Required action ▸ Within the records below is a range that opens at the line with "Book and Owl" and closes at the line with "Vintage Goosebumps 90s". Return that range word for word, both ends included, and only that range.

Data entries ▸
--- START ---

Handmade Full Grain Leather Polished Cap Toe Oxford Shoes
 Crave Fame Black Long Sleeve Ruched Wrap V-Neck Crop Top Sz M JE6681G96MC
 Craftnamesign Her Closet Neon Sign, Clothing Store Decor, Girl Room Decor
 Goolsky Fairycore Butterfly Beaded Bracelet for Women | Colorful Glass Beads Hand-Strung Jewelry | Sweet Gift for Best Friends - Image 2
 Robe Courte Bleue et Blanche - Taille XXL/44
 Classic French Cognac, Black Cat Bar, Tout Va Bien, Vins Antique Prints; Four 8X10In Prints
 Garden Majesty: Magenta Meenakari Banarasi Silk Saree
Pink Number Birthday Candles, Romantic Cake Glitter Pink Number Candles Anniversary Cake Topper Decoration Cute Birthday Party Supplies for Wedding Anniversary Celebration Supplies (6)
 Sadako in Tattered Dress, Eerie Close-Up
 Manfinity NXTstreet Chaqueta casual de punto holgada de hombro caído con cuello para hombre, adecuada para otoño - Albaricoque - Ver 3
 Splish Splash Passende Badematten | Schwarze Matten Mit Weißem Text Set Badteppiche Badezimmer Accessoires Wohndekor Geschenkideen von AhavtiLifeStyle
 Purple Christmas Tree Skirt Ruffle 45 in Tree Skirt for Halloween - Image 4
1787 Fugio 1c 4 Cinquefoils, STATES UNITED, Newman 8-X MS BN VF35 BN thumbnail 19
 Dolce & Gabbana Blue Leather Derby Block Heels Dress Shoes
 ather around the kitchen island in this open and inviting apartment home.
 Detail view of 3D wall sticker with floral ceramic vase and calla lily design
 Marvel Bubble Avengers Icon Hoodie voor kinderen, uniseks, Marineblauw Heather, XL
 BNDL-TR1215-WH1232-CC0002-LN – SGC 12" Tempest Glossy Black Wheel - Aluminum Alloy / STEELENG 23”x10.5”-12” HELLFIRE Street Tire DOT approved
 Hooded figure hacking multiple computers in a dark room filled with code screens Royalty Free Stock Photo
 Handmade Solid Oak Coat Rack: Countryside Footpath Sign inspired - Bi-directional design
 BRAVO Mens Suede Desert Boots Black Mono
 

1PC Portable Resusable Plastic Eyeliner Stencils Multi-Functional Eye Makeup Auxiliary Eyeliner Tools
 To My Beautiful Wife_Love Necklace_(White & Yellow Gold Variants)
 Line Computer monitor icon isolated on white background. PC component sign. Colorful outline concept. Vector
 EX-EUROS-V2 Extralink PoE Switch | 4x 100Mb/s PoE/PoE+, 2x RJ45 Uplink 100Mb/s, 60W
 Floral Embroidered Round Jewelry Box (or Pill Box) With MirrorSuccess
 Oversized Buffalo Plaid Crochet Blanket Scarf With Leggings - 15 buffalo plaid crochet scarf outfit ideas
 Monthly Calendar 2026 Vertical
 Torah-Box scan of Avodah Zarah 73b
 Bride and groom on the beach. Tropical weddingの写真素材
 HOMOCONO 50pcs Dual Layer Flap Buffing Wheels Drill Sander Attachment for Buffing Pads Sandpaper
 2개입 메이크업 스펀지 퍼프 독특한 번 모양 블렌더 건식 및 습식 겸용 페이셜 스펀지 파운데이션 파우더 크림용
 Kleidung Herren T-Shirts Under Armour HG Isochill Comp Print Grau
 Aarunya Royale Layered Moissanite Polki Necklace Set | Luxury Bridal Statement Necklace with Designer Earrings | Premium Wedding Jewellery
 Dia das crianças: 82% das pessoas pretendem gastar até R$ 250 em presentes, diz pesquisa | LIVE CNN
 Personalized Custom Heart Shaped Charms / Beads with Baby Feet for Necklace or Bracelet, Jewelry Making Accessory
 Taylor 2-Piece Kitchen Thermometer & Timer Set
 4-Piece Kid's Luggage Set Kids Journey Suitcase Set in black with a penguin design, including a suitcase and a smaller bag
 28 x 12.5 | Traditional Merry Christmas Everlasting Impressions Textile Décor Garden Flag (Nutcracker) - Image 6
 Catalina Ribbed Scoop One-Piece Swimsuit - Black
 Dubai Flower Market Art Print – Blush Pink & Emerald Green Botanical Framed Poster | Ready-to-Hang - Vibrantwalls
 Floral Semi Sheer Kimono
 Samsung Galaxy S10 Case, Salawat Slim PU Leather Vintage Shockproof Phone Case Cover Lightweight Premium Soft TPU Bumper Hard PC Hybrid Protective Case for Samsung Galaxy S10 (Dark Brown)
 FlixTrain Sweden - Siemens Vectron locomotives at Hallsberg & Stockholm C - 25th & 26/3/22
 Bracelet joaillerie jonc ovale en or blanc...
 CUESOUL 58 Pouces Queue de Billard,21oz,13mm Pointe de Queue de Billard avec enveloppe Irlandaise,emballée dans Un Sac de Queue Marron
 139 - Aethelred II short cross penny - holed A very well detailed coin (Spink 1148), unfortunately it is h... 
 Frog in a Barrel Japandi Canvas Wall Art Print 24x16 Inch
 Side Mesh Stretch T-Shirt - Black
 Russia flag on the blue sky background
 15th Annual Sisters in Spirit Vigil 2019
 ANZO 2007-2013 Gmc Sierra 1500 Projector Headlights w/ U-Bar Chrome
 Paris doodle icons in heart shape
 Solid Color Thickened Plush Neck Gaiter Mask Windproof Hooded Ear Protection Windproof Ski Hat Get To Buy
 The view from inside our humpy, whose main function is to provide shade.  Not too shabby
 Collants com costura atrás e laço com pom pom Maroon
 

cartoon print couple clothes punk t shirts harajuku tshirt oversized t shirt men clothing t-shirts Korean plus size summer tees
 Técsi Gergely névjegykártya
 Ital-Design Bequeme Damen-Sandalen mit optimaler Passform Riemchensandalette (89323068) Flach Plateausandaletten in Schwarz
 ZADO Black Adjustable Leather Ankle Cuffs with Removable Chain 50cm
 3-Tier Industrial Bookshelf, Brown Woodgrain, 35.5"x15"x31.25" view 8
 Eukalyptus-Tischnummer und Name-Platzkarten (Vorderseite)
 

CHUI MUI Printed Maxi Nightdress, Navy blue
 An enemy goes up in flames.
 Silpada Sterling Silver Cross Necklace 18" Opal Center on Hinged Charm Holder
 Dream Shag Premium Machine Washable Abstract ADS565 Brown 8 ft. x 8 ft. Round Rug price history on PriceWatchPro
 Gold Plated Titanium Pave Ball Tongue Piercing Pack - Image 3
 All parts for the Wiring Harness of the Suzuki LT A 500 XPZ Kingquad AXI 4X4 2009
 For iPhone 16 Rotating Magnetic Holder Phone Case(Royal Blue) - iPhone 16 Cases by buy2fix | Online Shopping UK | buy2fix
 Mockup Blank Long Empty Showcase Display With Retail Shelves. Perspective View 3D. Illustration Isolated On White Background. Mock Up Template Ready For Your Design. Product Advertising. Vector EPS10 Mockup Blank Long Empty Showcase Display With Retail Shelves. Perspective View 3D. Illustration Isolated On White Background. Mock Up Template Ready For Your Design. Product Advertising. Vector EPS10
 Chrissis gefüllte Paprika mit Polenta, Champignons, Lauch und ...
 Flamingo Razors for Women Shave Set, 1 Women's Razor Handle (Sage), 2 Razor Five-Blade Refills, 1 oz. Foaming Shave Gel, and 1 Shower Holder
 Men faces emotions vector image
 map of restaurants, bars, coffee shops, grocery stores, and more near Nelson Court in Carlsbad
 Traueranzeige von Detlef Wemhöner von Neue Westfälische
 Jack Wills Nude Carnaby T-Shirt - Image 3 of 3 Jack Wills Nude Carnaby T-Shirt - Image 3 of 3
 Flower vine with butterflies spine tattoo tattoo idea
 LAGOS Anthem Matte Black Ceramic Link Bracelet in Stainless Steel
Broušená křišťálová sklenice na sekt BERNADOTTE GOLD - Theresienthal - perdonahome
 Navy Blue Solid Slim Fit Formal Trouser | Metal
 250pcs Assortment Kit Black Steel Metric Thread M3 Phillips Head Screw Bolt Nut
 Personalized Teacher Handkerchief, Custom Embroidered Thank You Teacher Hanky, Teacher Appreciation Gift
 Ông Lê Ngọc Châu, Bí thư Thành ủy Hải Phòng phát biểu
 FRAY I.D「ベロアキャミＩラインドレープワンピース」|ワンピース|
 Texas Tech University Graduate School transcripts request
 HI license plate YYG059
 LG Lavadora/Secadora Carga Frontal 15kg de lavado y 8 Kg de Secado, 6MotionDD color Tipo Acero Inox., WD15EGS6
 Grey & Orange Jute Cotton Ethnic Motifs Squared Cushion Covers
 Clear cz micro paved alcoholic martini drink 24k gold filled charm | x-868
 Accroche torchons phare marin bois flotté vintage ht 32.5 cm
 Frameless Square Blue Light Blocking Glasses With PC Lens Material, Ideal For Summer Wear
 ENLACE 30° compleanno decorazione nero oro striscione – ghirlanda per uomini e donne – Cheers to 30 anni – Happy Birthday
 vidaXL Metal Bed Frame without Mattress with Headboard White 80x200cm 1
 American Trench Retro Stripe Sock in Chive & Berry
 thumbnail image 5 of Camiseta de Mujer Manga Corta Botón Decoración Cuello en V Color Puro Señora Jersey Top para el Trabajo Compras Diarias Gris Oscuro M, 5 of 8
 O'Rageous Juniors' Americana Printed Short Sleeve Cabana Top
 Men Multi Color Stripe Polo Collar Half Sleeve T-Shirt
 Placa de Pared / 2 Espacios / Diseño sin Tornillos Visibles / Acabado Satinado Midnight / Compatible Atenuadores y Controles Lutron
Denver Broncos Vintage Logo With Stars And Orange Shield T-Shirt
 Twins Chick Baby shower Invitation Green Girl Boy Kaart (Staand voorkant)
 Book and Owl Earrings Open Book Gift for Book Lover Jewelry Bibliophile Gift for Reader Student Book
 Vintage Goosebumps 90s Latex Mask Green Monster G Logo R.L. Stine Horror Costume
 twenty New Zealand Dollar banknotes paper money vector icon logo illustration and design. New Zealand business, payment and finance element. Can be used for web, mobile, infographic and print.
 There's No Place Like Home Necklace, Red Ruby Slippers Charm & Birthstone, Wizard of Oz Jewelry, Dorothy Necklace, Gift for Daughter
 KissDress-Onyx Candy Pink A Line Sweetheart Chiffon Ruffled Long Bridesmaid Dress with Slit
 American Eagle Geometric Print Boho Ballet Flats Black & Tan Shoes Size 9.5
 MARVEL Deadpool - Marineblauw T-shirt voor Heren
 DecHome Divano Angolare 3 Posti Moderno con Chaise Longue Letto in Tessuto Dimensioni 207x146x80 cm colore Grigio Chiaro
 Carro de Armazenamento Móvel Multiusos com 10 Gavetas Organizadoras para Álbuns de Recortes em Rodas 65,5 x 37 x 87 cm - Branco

--- END ---

Task result ▸
 Book and Owl Earrings Open Book Gift for Book Lover Jewelry Bibliophile Gift for Reader Student Book
 Vintage Goosebumps 90s Latex Mask Green Monster G Logo R.L. Stine Horror Costume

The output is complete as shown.